For outpatient pharmacy, Denver Health uses GuardianRx (Carepoint, Charleston, S.C.) - ADT and allergy information flows among Siemens Invision, Siemens Pharmacy and GuardianRx, ensuring these applications are synchronized. The process is as follows: electronic inpatient orders are placed in CPOE and flow to the Pharmacy system (Siemens); get checked by the pharmacist; move to the Pyxis units (Dublin, Ohio-based Cardinal Health) and then, using MAK (medication administration checking bar-coding technology), are administered by the nurse. MAK is also a Siemens product that is integrated with Pharmacy. “It takes, on average, 7.5 minutes to get an order into the Pyxis unit available for administration,” says Veltri.

But is there a downside to the Siemens interface? According to Hess, CIOs need to look at how long it has taken the Invision sites to get Siemens Pharmacy interfaced - although he says the newest release of Soarian will help. “But it's still not the same architecture, and for some CIOs, the fact that Soarian pharmacy isn't being developed means they decide to look elsewhere,” he says. “There are others who say, ‘We'll interface the same way we did to Invision.’”

Veltri says he believes that once Siemens fully delivers all the latest Soarian features and functionalities, the game will change. “You're going to start seeing a shift to people considering Soarian as a contender and player, and you'll see that in two, maybe three years.”

Before deciding to go Soarian, Veltri says he talked to other CIOs and went on site visits. “We wanted to know how painful was the switch from the Invision-Pharmacy interface to the Soarian-Pharmacy interface,” he says. “And in the early days, the Soarian interface didn't work either.”

Those early kinks, he's convinced, have been solved. “I think if you talk to the early adopters, some of them are switching from Soarian (and from Siemens altogether) because they gave up.
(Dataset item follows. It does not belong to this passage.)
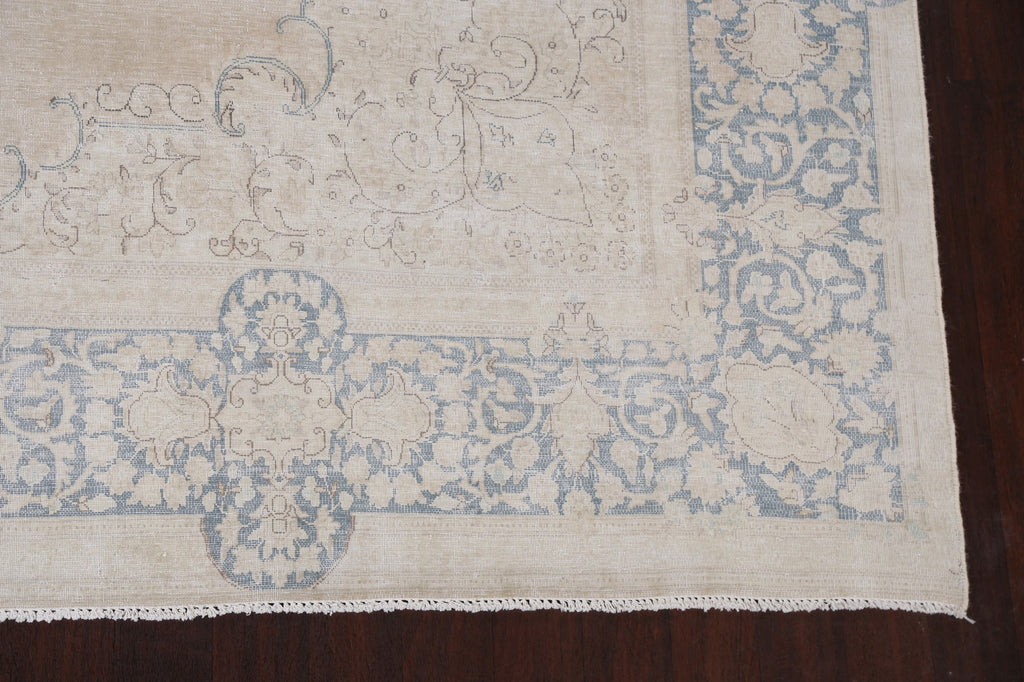 Muted Distressed Kashan Persian Area Rug 9x13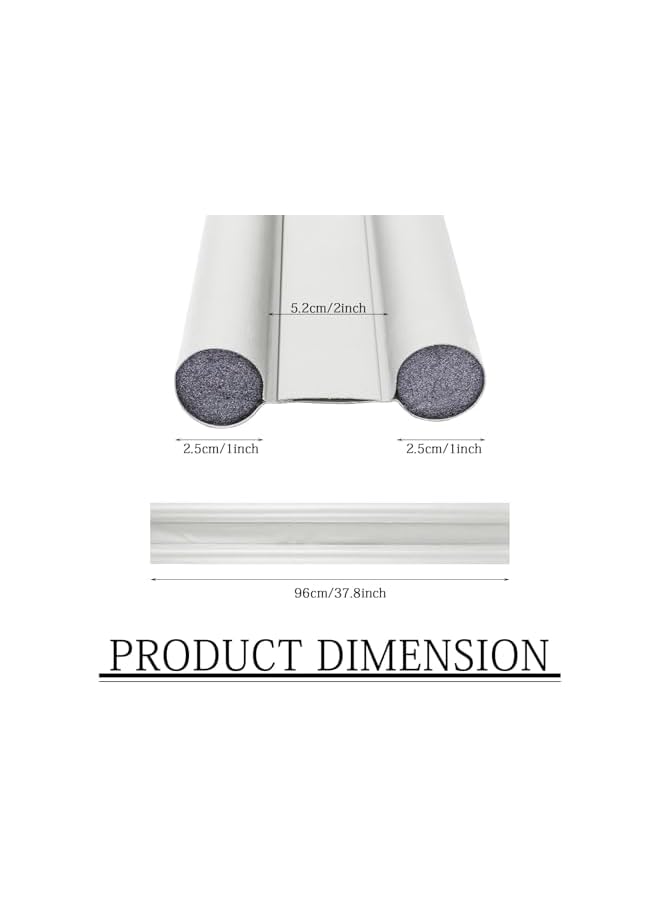 The Bros 2Pcs Double Door Draft Stopper, Draft Stopper for Bottom of Door Soundproof, Windproof, Dustproof, Block Light, Insect Resistant, Under Door Noise Blocker 37 Inch (White) - Image 2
But for the ones who stuck with it and have upgraded to Soarian C6 consider it an outstanding product,” Veltri adds.

Never easy

Whether interfacing or integrating with a core clinical suite, implementing pharmacy systems is always difficult. “There's a lot of volume in pharmacy. The components of every medication order are huge, and the build is long,” says Comitto. “It took us at least a year.”

Comitto says she brought in outside help to assist. “The pharmacists still had their day jobs,” she says, adding that CIOs need to consider additional staff - and that IT should not pick up the entire burden. And, having gone live with both CPOE and pharmacy at the same time, she says going that route means the build of both systems must be done as a unit, with ownership shared between the clinicians and pharmacists. “There are orders and builds on one side that make sense to clinicians and then the order that comes across to pharmacy has to make sense to the pharmacists. They have to work together,” she says.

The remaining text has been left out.